Klete Keller - Wikipedia

American swimmer

Klete Derik Keller (born March 21, 1982) is an American former competition swimmer who won medals at the 2000, 2004, and 2008 Summer Olympics in the 400-meter freestyle and the 4×200-meter freestyle relay.

In January 2021, Keller was arrested and charged with three offenses stemming from his presence at the 2021 storming of the United States Capitol.[1]

Early life

Keller was born March 21, 1982,[2] in Las Vegas, Nevada to mother Karen and father Kelly.[3] Both parents were intercollegiate athletes at Arizona State University; his father played basketball and his mother swam.[3] His older sister Kelsey swam for University of Washington, and younger sister Kalyn swam for University of Southern California (USC) and competed at the 2004 Summer Olympics.[3]

Keller grew up in Phoenix, Arizona.[4] Keller graduated from Arcadia High School in 2000.[3][5]

Collegiate career

Keller attended the University of Southern California for two years from 2000 to 2001, but left school to focus on swimming.[6][7]

While at USC, Keller won multiple individual and relay Pac-10 and NCAA Championships in the 200, 500 and 1,650-yard freestyle, as well as freestyle relays.[citation needed ]

International career

Keller competed in the 2000, 2004, and 2008 Summer Olympics.

During the 4×200-meter freestyle relay in the Athens Summer Olympics in 2004, Keller held off a charging Ian Thorpe in the anchor leg to win the race by 0.13 seconds.[8][9] This was the first time Australia had been beaten in the event in over seven years.[10] In January 2016, Andy Ross of Swimming World named it as one of the greatest Olympic relays of all-time.[11]

The American relay of Michael Phelps, Ryan Lochte, Peter Vanderkaay, and Keller were undefeated in competition from the Athens games onward.[citation needed ] Vanderkaay, Larsen Jensen, Erik Vendt, and Keller made up the core of the premier American mid-distance/distance freestyle swimmers.[when? ][citation needed ]

Klete was one of many 2000 Olympic medalists from The Race Club World Team, a summer swimming camp in Florida.[12]

From 2004 to 2007, Keller trained at Club Wolverine, run at the University of Michigan in Ann Arbor under Jon Urbanchek and later Bob Bowman.[13] Urbanchek would also be the coach of the three Olympic swimming teams which Keller competed on.[14] In 2007, Keller left Ann Arbor and returned to USC to finish school and train under coach Dave Salo.[15][6][13]

In his 2006 season, at the U.S. championships he achieved the top time in the wold in the 400 freestyle (3:44.27).[13] He also won three medals at the Pan Pacific Swimming Championships that year.[13]

Twice during his career, he was the cover athlete of the magazine Swimming World.[16]

In 2015, the Reno Gazette-Journal named Keller as the most decorated Olympian ever born in Nevada.[10]

2021 storming of the United States Capitol

Keller was identified as a participant in the 2021 storming of the United States Capitol, where he was seen inside the Capitol Rotunda in a crowd of people clashing with police officers.[17] Keller's presence was reported to authorities by several people who saw a video posted by conservative outlet Townhall.

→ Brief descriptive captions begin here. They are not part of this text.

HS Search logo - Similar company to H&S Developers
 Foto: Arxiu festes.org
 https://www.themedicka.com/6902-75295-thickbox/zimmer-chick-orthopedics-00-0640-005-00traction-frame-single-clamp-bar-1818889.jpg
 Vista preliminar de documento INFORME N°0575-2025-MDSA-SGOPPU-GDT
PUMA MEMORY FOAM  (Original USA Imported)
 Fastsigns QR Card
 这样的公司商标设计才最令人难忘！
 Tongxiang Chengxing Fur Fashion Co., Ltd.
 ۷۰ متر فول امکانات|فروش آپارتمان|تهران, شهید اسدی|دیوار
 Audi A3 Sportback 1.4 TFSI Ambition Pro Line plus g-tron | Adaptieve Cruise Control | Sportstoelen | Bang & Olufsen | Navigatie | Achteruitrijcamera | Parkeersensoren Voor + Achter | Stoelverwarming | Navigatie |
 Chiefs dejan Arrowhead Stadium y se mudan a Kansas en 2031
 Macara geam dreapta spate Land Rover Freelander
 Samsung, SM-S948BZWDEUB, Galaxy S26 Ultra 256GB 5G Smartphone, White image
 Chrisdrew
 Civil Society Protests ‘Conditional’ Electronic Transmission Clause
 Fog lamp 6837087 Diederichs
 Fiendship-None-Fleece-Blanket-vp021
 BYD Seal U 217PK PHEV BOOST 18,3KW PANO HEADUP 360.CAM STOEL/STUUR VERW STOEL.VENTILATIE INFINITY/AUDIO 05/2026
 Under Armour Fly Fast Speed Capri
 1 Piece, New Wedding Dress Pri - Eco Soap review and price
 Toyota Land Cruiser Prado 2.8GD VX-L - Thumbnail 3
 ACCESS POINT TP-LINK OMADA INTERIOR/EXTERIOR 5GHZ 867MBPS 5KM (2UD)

Some of the people who recognized Keller in the video said that he had frequently posted pro-Donald Trump content on his social media accounts. His social media accounts have since been deleted.[6][18] Several former teammates and coaches had been among those who reportedly identified him.[18] He was able to be recognized, in part, because of his height, the fact that he was wearing a U.S. Olympic team jacket, and that his face was unobstructed in the video (he was not wearing a protective mask on his face despite the ongoing COVID-19 pandemic, instead leaving an apparent face covering hanging around his neck).[18][19]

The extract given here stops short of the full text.